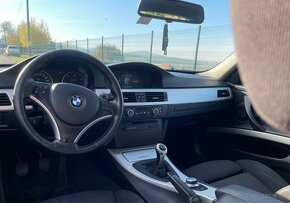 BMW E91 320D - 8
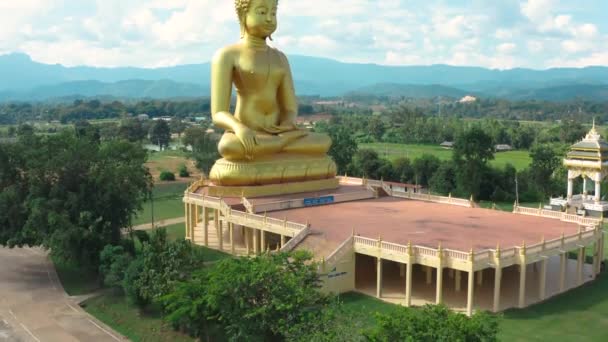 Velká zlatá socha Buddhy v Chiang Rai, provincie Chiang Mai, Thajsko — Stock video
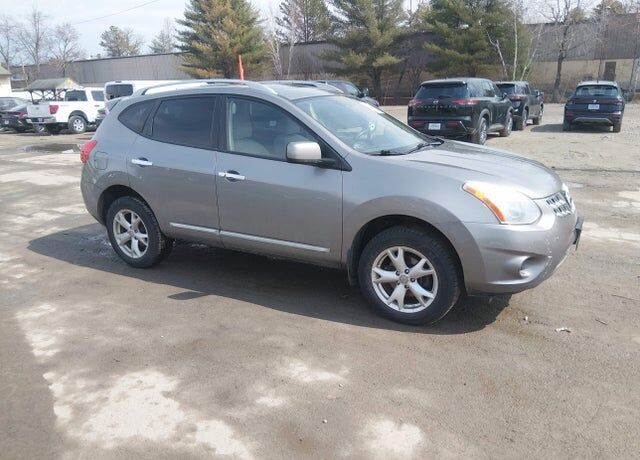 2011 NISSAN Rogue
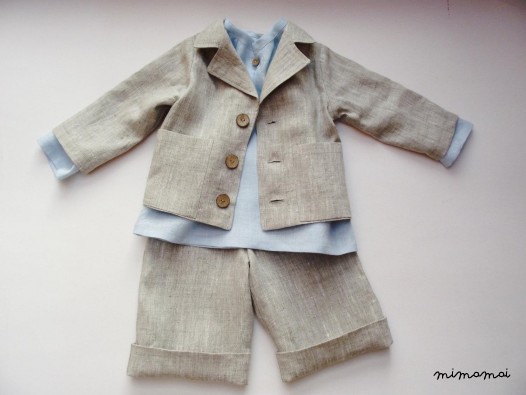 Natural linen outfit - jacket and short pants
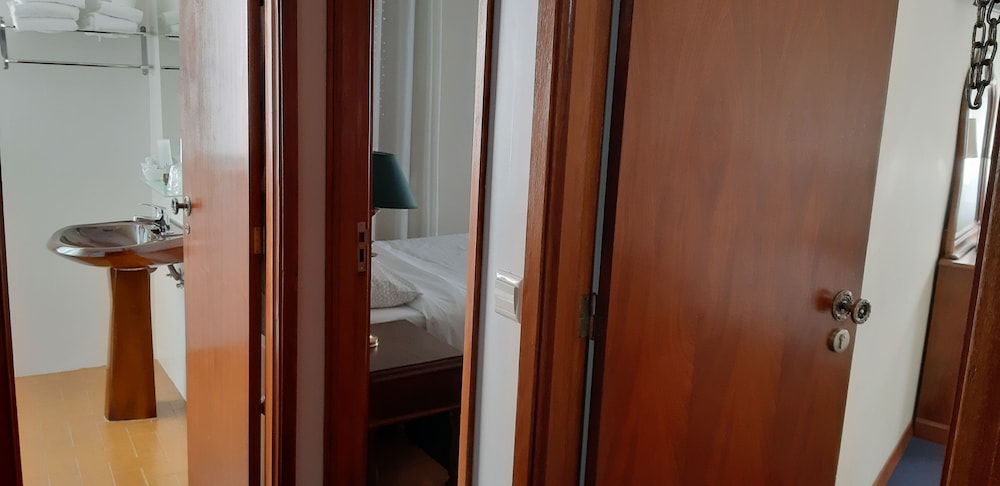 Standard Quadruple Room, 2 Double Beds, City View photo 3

--

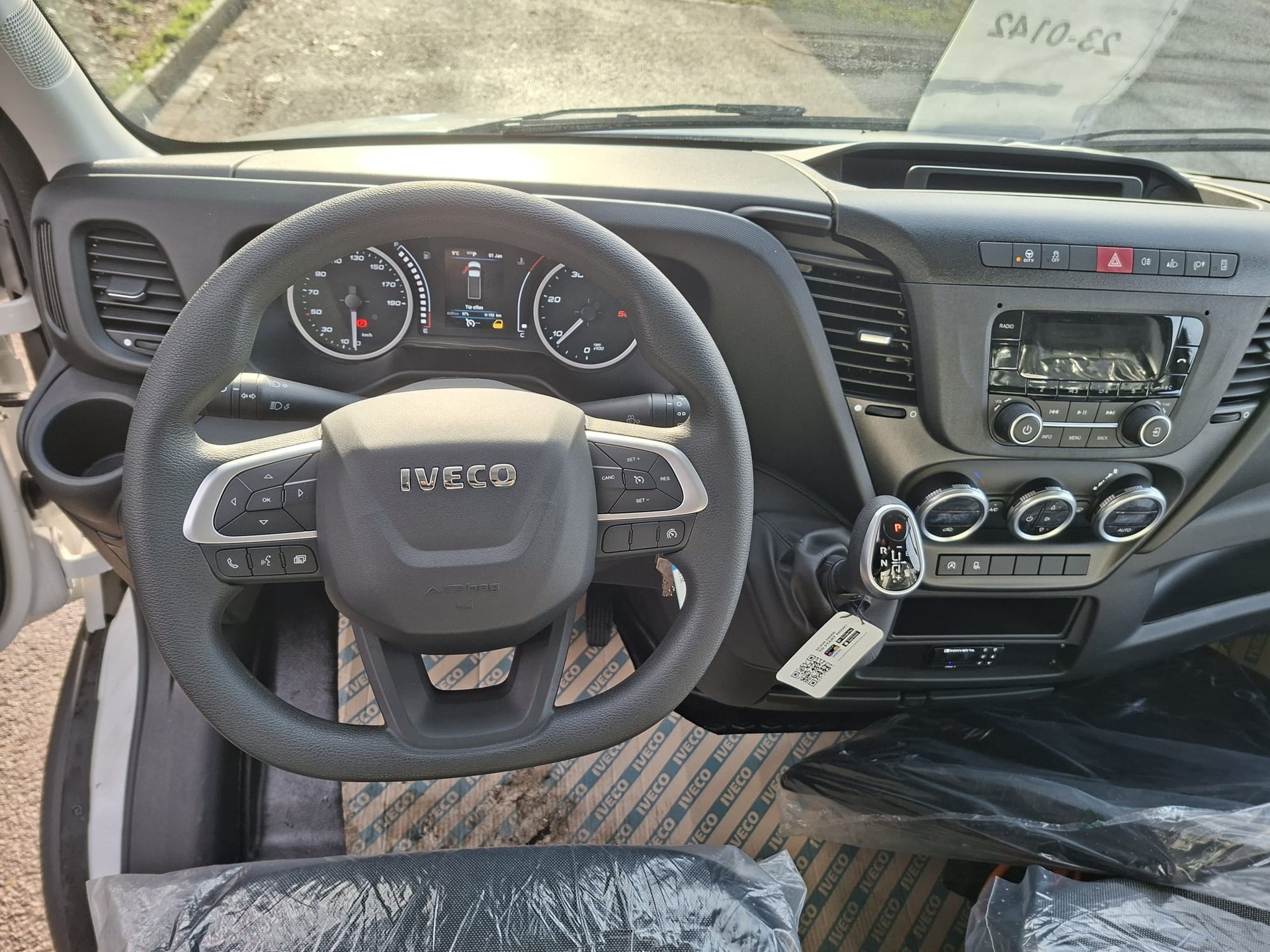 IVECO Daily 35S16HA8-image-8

---

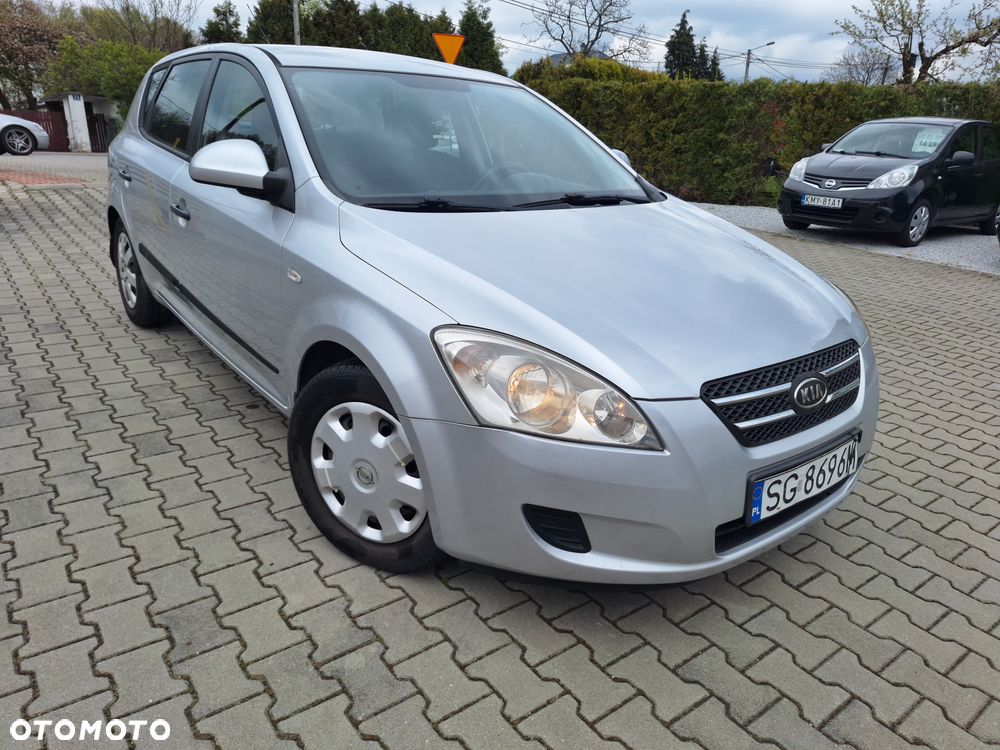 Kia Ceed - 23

§ What is expected
Above are records; repeat only the lines from the line with "2011 NISSAN Rogue" through the line with "Standard Quadruple Room, 2", and leave pictures out.

§ Expected output
 2011 NISSAN Rogue
 Natural linen outfit - jacket and short pants
 Standard Quadruple Room, 2 Double Beds, City View photo 3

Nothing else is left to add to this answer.